I assembled the top half as normal, only I cut away the tyrant's spore chimneys. As I interpret the artwork in the tyranid codex, the Harpy does not have these. I also trimmed down the tyrant's head to remove the crest, some of the spikes and the weird little "beard" they seem to have. 


















Assembley was straightforward from here, the scything talon blade adds length to the tail and counts as the harpy's own wargear, killing two birds with one stone.

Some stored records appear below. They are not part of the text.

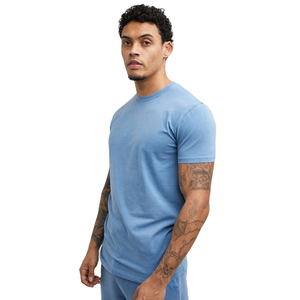 Nouveaux T-shirts pour hommes tendance, col côtelé, sans manches, blancs, 100% polyester, tissu Oxford écologique, respirant - Product Image 4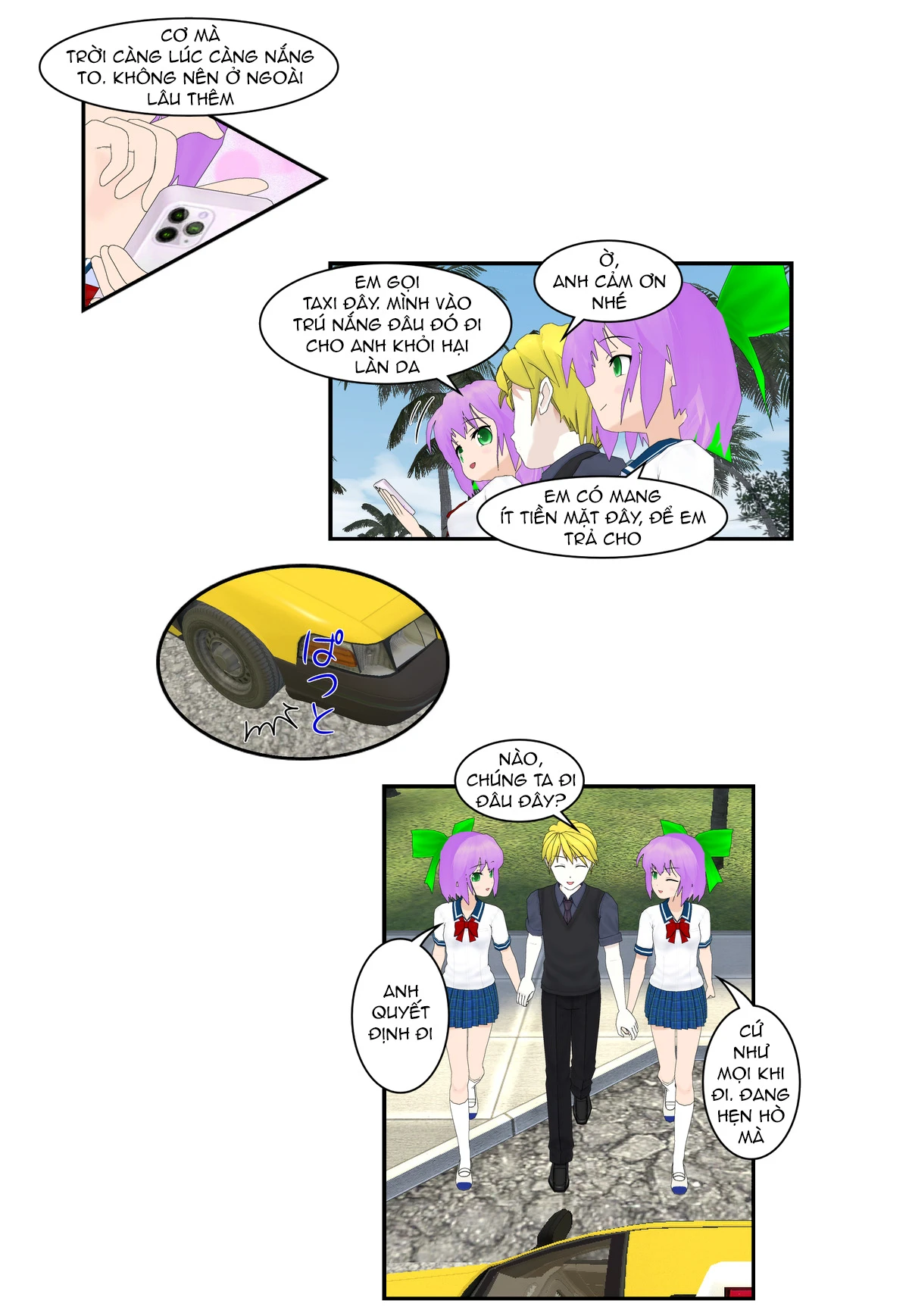 Chuyện Tình Wi-Fi Chapter 70 - 10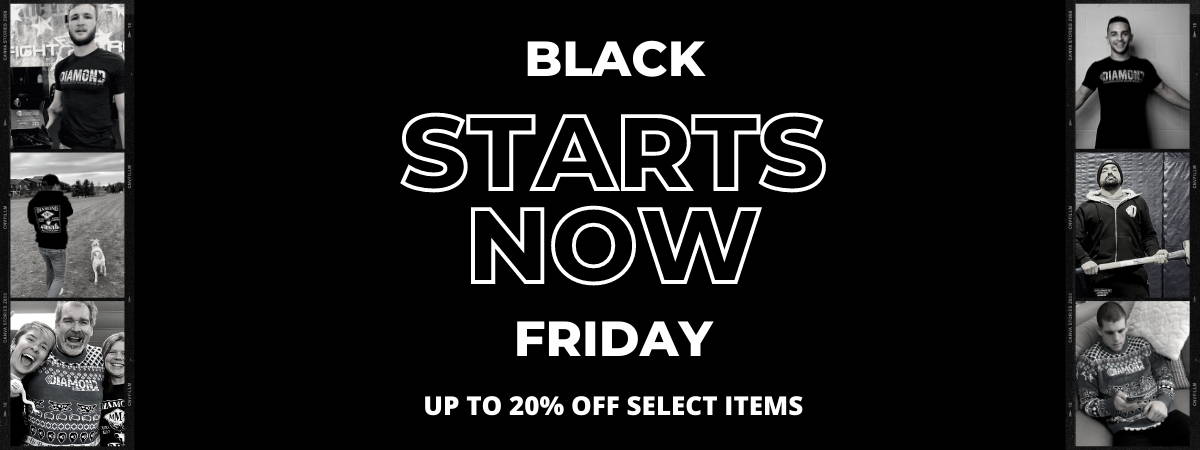 Diamond MMA Black Friday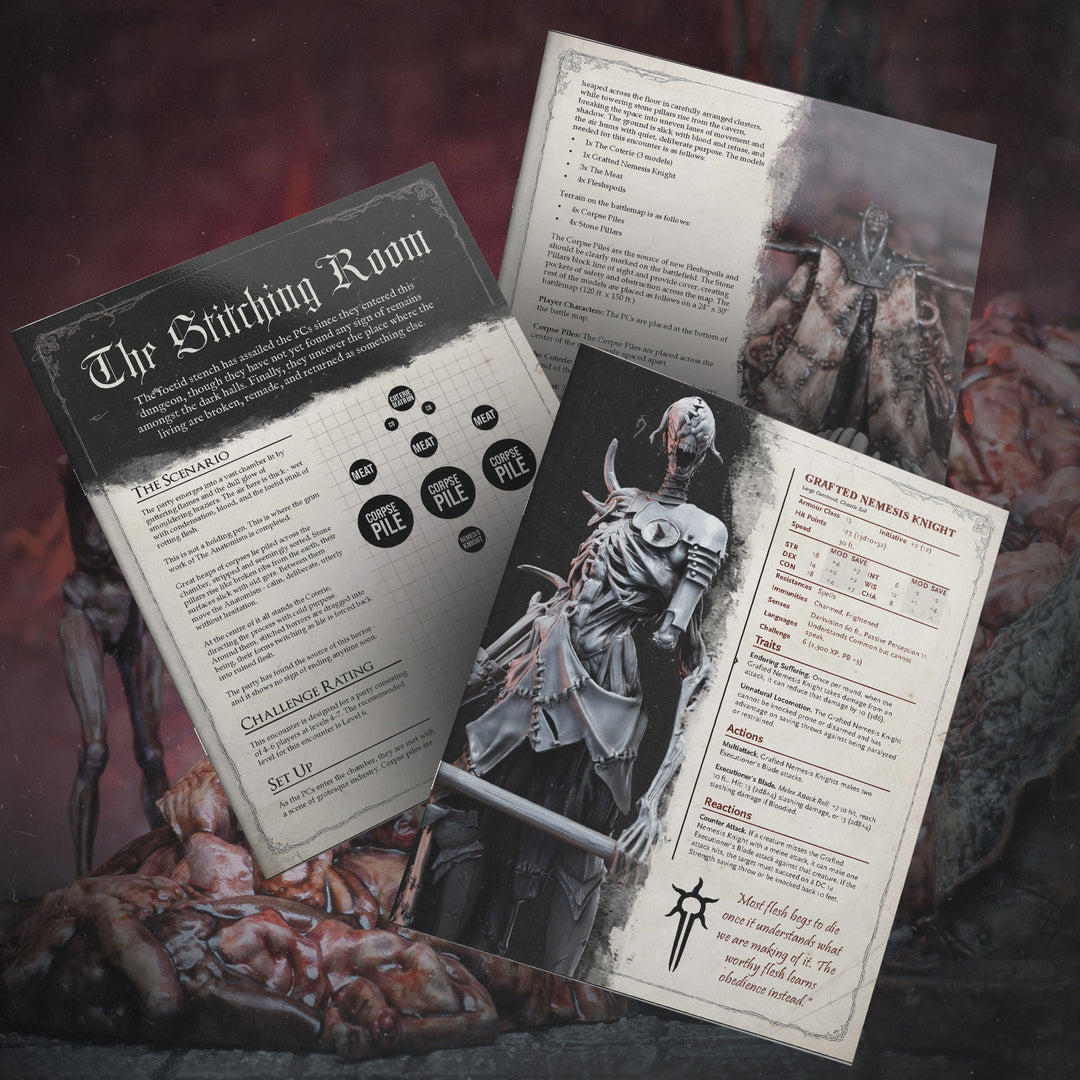 Stitching Room 5.5E Encounter | RPG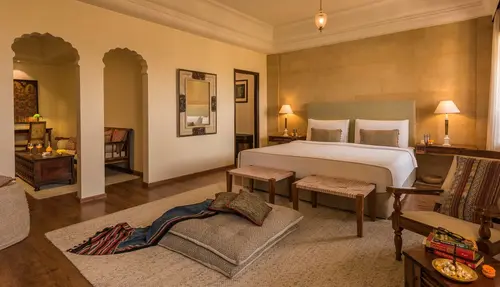 Suryagarh Jaisalmer - Rooms - 576 Sqft 54 Sqmt Double Bed 28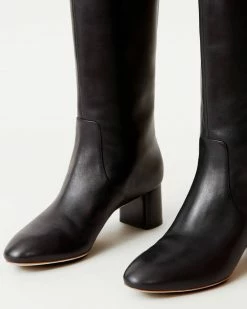 Loeffler Randall Gia Black Tall Boot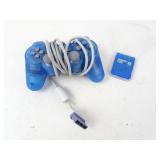 PlayStation 1 Controller & 4x Memory Card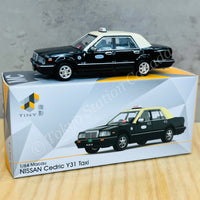 TINY 微影 1/64 Tiny City MC32 Nissan Cedric Y31 Macau Taxi ATCMC64022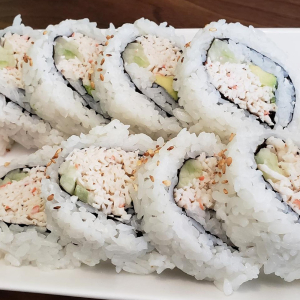 1. Jumbo California Roll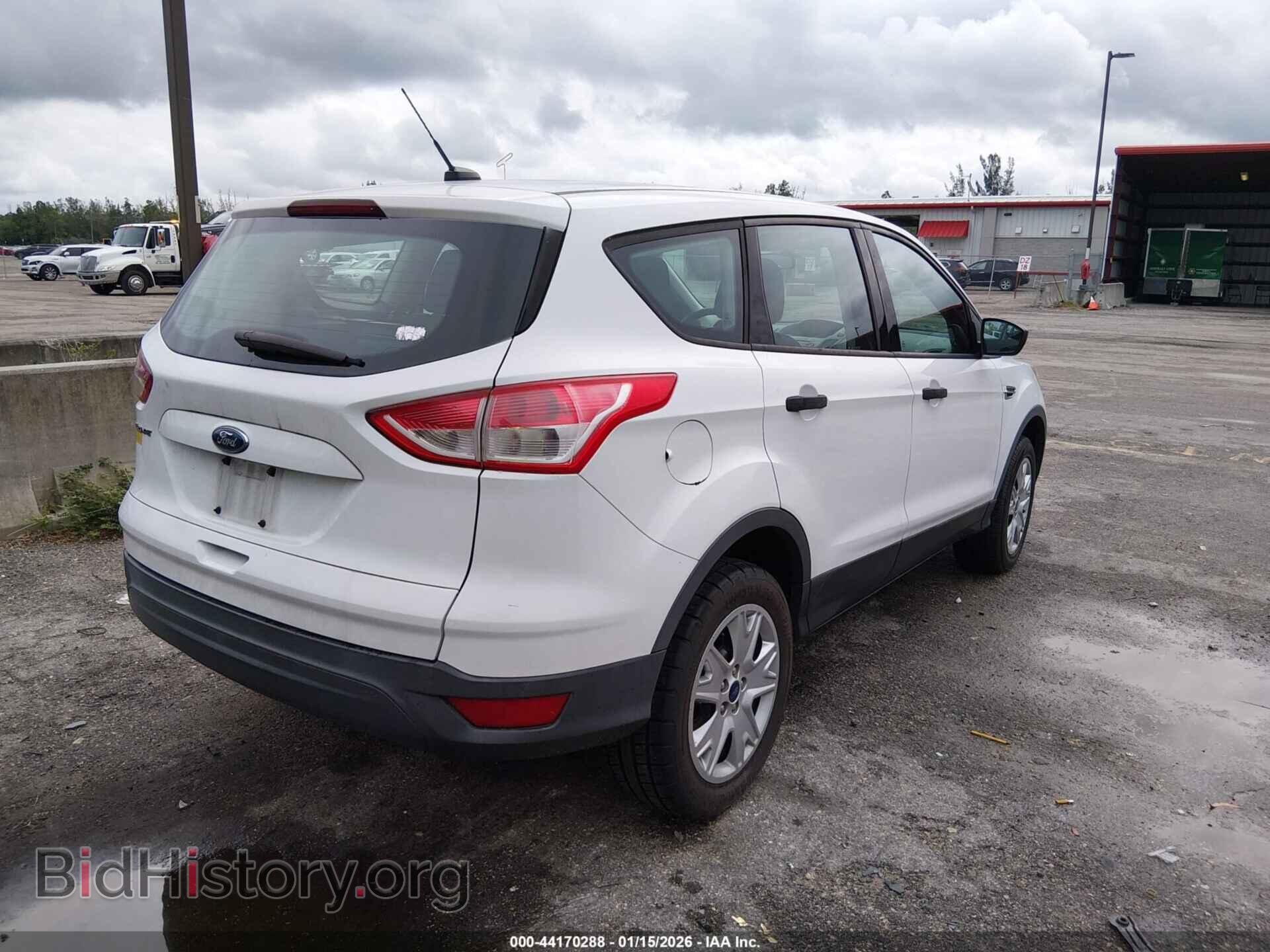 2013 FORD ESCAPE - VIN: 1FMCU0F76DUB43955 - Фото 4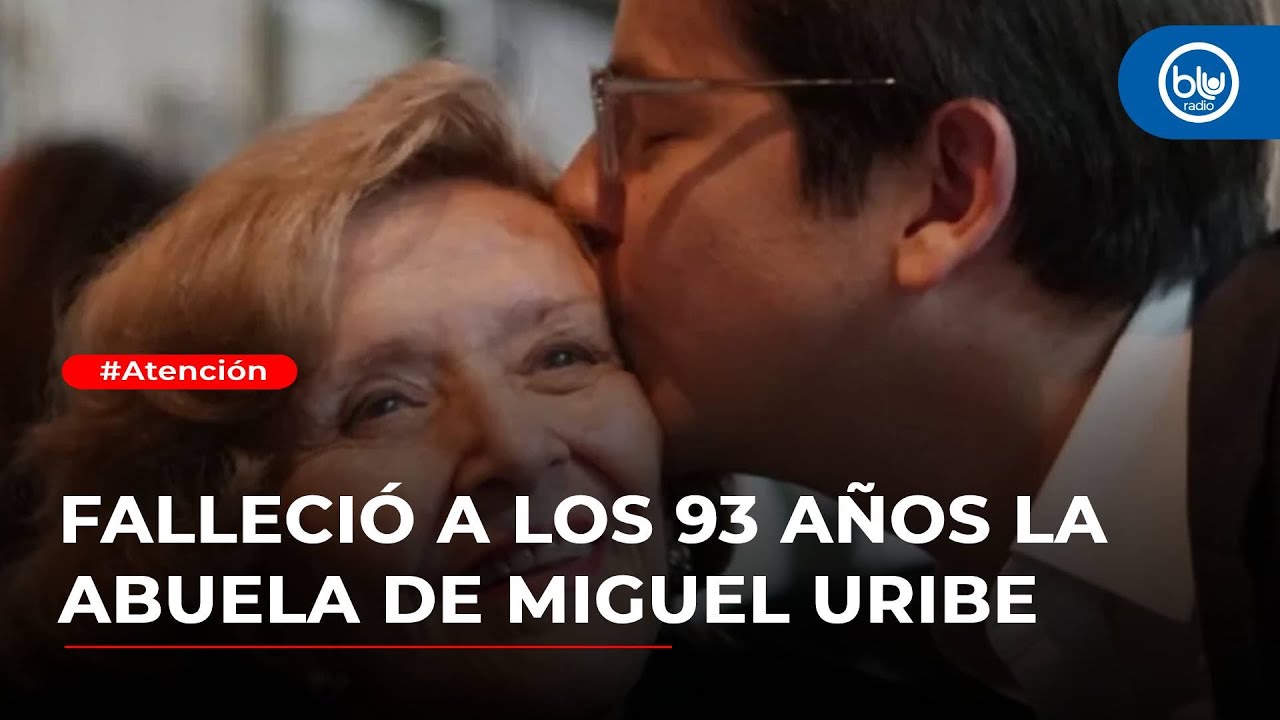 Falleció Nydia Quintero, abuela de Miguel Uribe Turbay y exprimera dama de Colombia.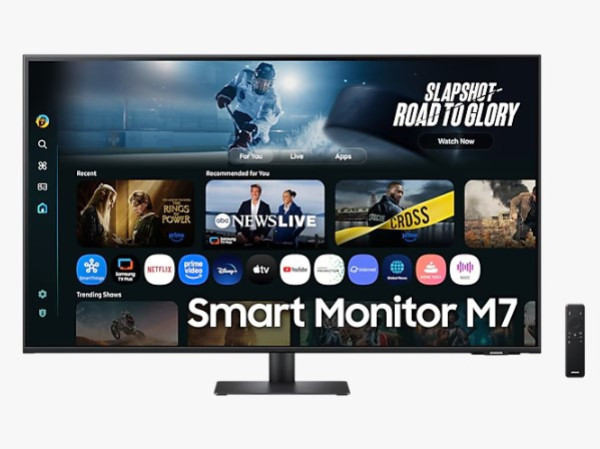 LCD Samsung M7 M70F LS43FM702UEXXV 43 inch 4K VA 60Hz 4ms Vision AI Loa ( 3x USB Hub, 2x HDMI, 1x USB-C , Wireless (WiFi5), Bluetooth 5.2)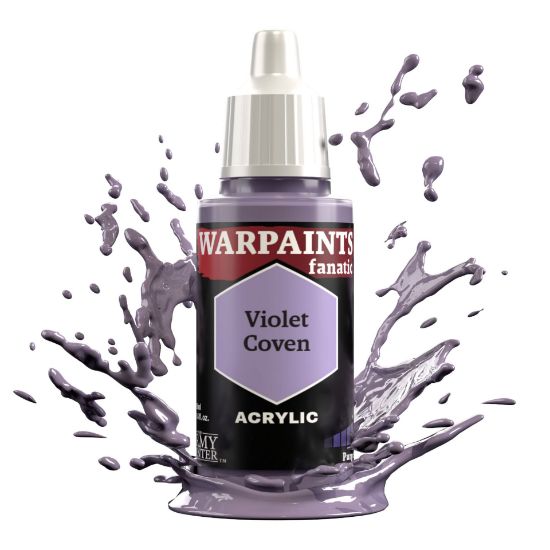 Obrázek Army Painter: Warpaints Fanatic - Violet Coven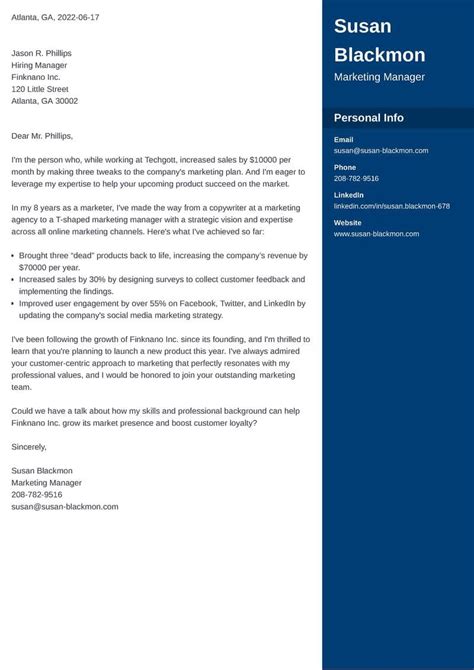 Cover Letter Templates for MS Word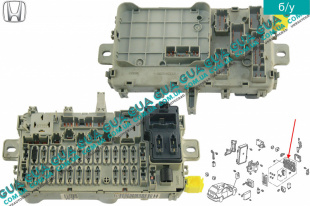 Блок предохранителей Honda / ХОНДА CIVIC VI 1995-2001 1.4i  (1396 куб. см.)
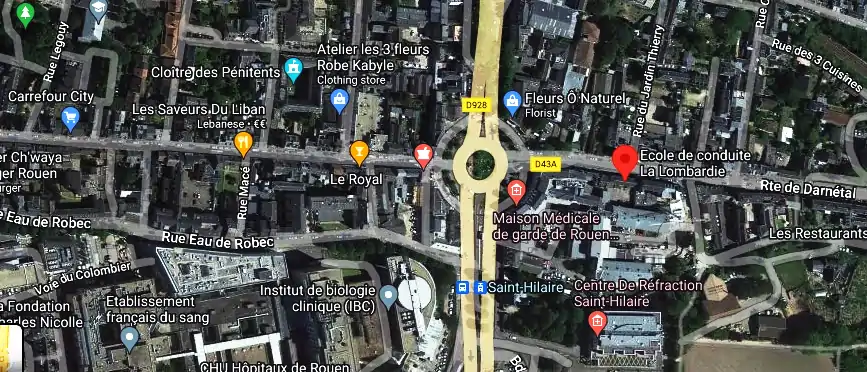 Permis auto Ecole à Rouen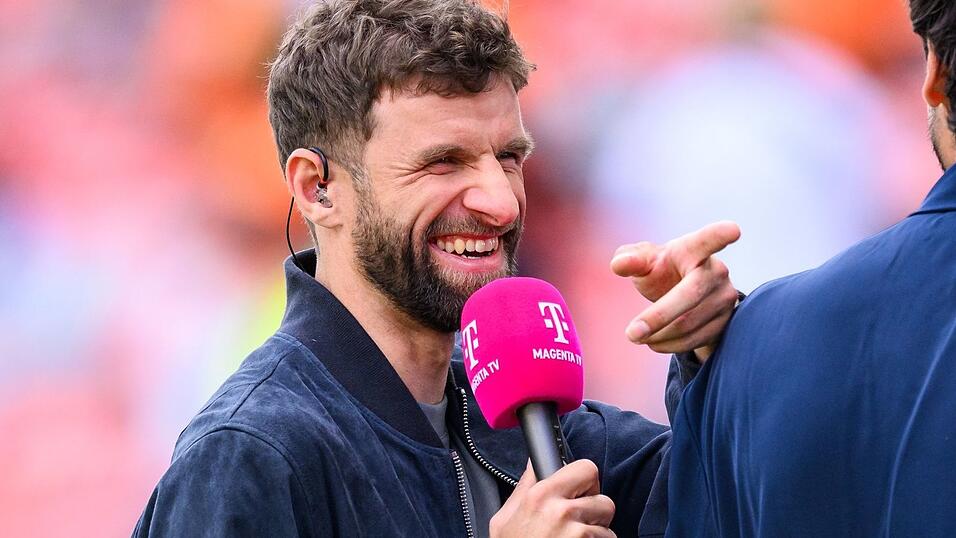 Thomas M&uuml;ller hat hohe Erwartungen an Klopp. (Archivbild)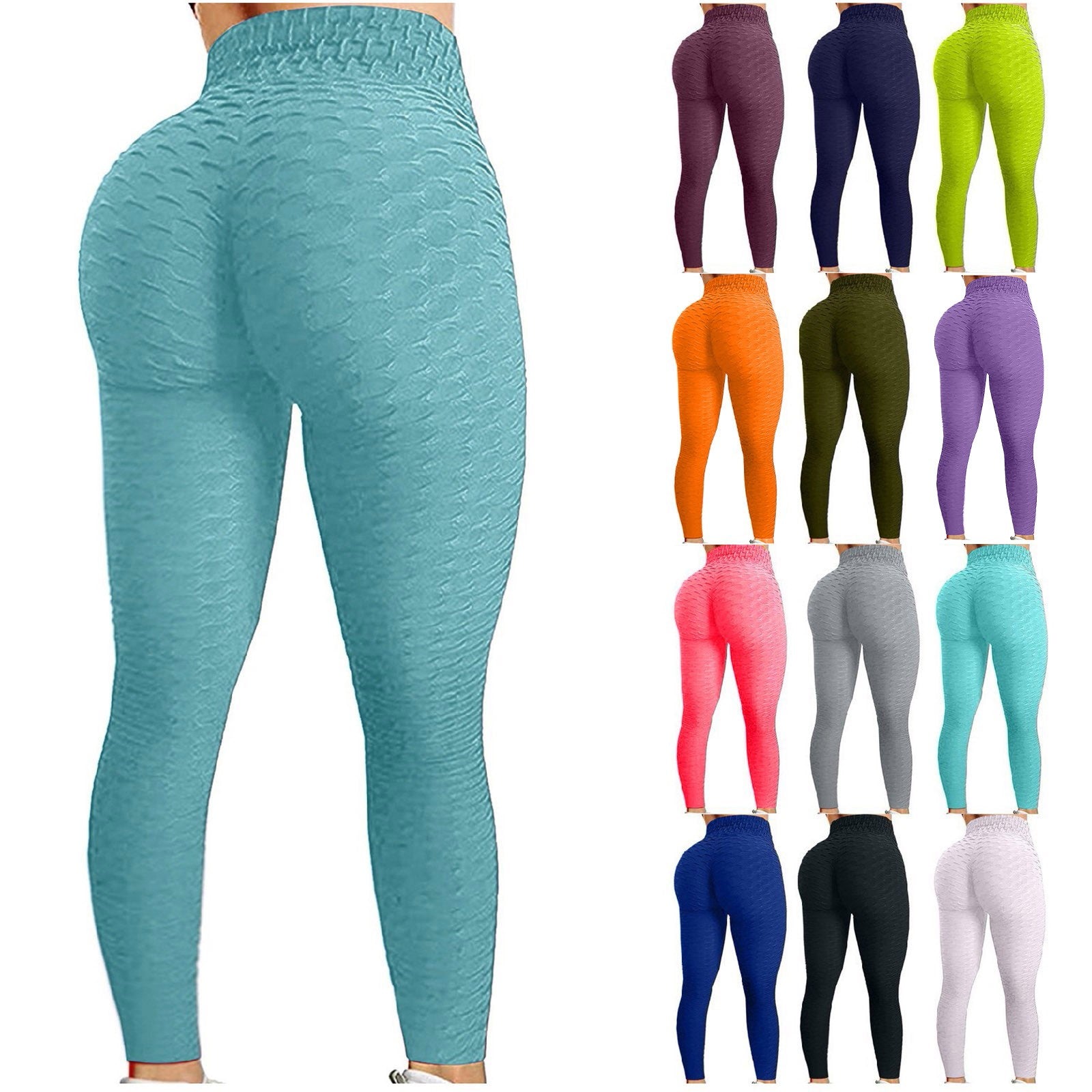 Gym Leggings High Waisted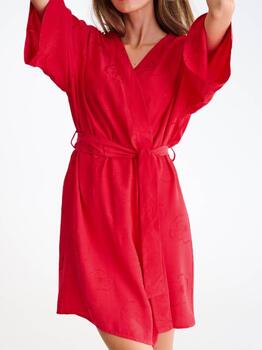 Lisca Miracle Red Kimono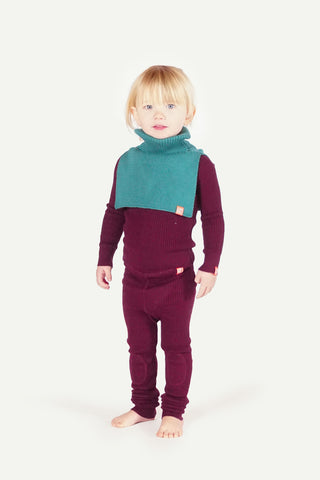 Lanullva Hustadvika 2.0 Ullhals Barn, Nordlys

The weapons I made from the Twinlinked Deathspitter arms from the carnifex kit and the Heavy Venom Cannon Barrels. The same could be done with the stranglethorn, but as the lore describes this creature as a tank hunter that is the role I designed it for. 










The head was resculpted to match the artwork as best I could. I also took this oppurtunity to add some minor detail to the base. 










And when ready to undercoat, I get something like this: 


















What do you think?


----------



## Arcticor (Mar 19, 2011)

That is one sexy harpy conversion, plus rep to you!


----------



## Shadow Stalkers (Jan 21, 2012)

that is a pretty good conversion. is the green stuff on the back there to make it look bigger?


----------



## Serpion5 (Mar 19, 2010)

Arcticor said:


> That is one sexy harpy conversion, plus rep to you!





Shadow Stalkers said:


> that is a pretty good conversion. is the green stuff on the back there to make it look bigger?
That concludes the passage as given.